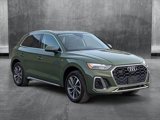 Used 2022 Audi Q5 2.0T Premium Plus image 3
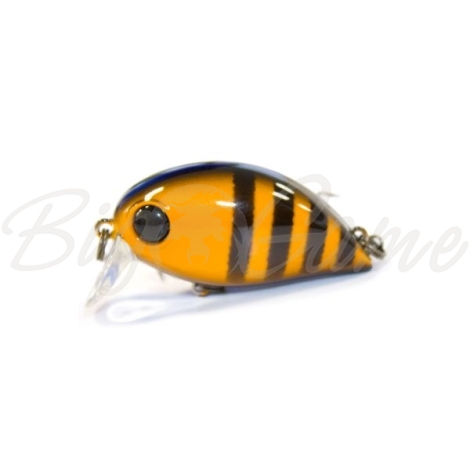 Воблер ZIP BAITS Hickory 34SSR код цв. 568 фото 1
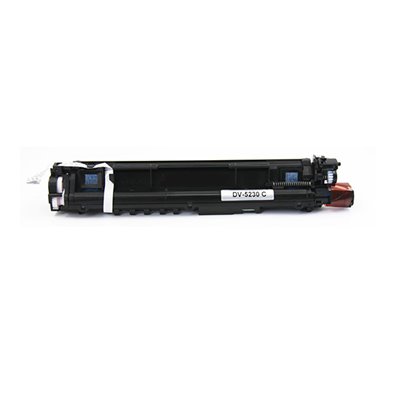 Cyan Developer Unit Rem Kyocera ECOSYS P5021cdn,M5521cdw-100KDV-5230C302R793061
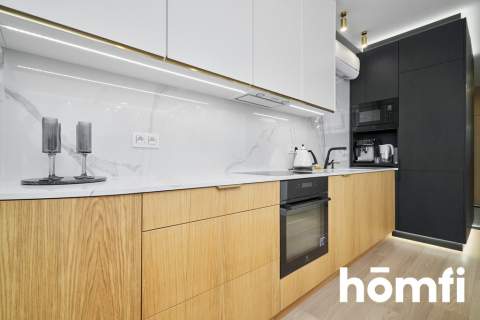 Luksusowy apartament nad Jeziorem Ukiel 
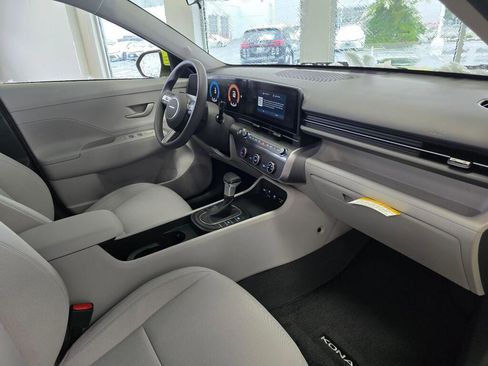 New 2026 Hyundai Kona SE AWD/4WD image 47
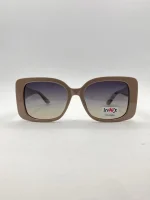 عینک آفتابی زنانه INDEX-2025/43 صورتی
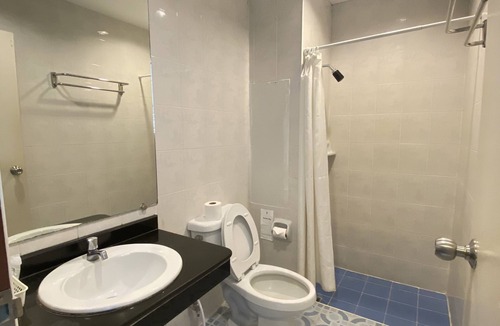 Prachuap Khiri Khan Hotel | Prachuap Beach Hotel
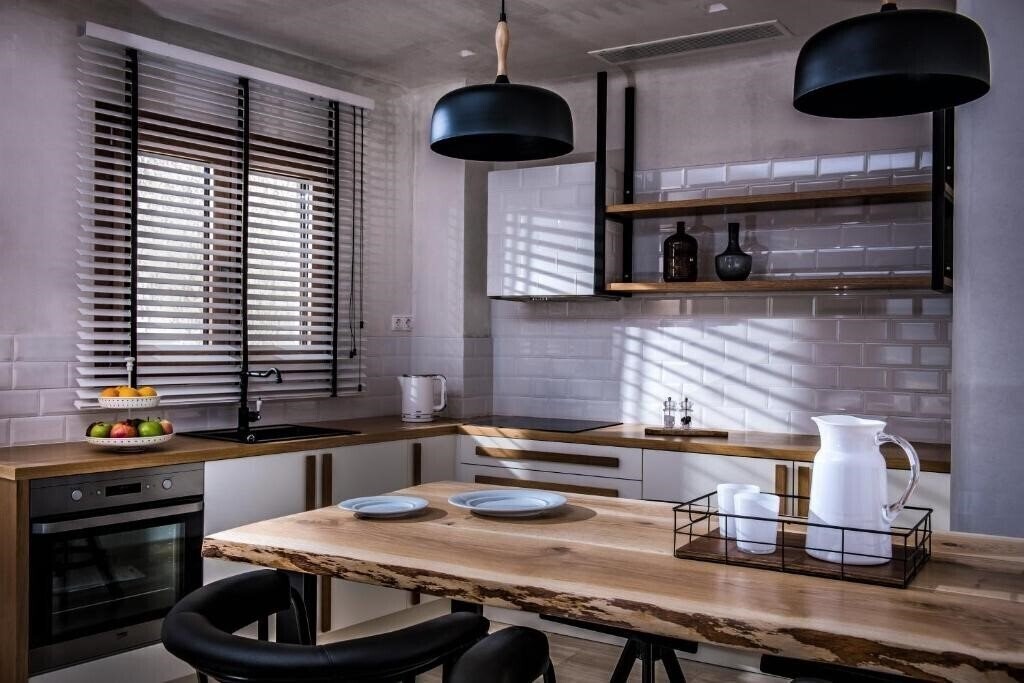 Картинка Cosmopolis Crete Suites 4*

........

> _Exercise_:
Repeat the records above exactly, omitting every picture.

> _Result below_:
 Used 2022 Audi Q5 2.0T Premium Plus image 3
 Воблер ZIP BAITS Hickory 34SSR код цв. 568 фото 1
 Cyan Developer Unit Rem Kyocera ECOSYS P5021cdn,M5521cdw-100KDV-5230C302R793061
 Luksusowy apartament nad Jeziorem Ukiel 
 New 2026 Hyundai Kona SE AWD/4WD image 47
 عینک آفتابی زنانه INDEX-2025/43 صورتی
 Prachuap Khiri Khan Hotel | Prachuap Beach Hotel
 Картинка Cosmopolis Crete Suites 4*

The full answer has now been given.